Exercise material: Begin
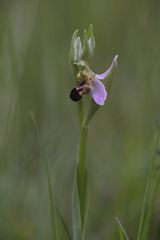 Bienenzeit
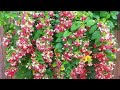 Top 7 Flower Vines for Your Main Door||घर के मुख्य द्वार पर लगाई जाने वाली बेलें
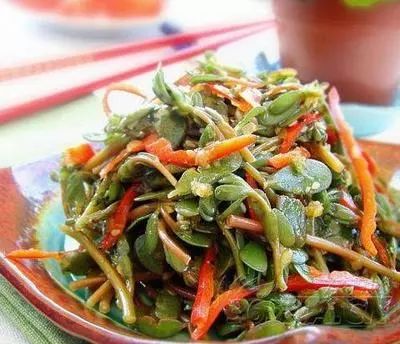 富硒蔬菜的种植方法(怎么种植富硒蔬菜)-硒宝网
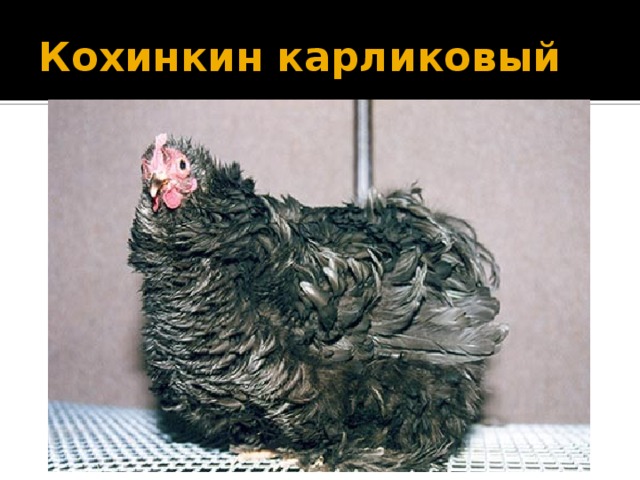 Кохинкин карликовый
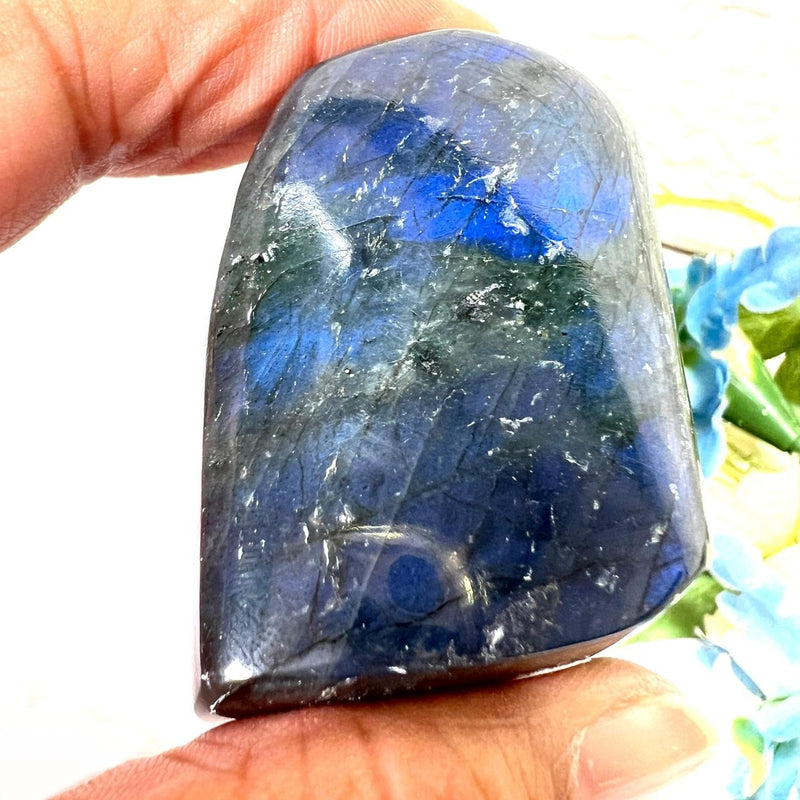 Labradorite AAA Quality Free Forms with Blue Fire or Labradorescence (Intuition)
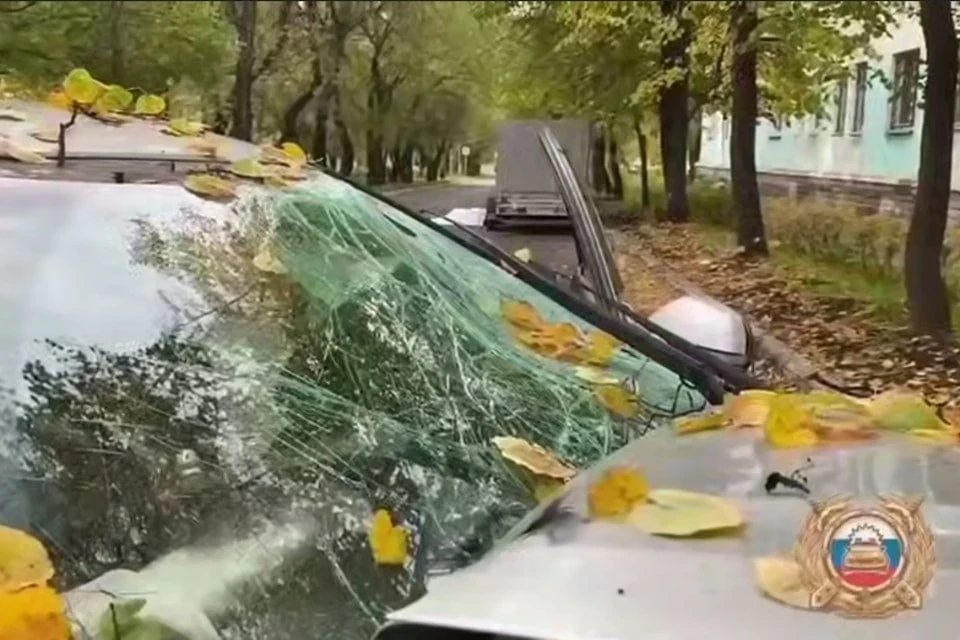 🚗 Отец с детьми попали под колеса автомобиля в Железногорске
Exercise material: End
--- Prompt ---
To answer, repeat exactly the lines from the line containing "富硒蔬菜的种植方法(怎么种植富硒蔬菜)-硒宝网" through the last line of the data above, leaving out all pictures.

--- Solution below ---
 富硒蔬菜的种植方法(怎么种植富硒蔬菜)-硒宝网
 Кохинкин карликовый
 Labradorite AAA Quality Free Forms with Blue Fire or Labradorescence (Intuition)
 🚗 Отец с детьми попали под колеса автомобиля в Железногорске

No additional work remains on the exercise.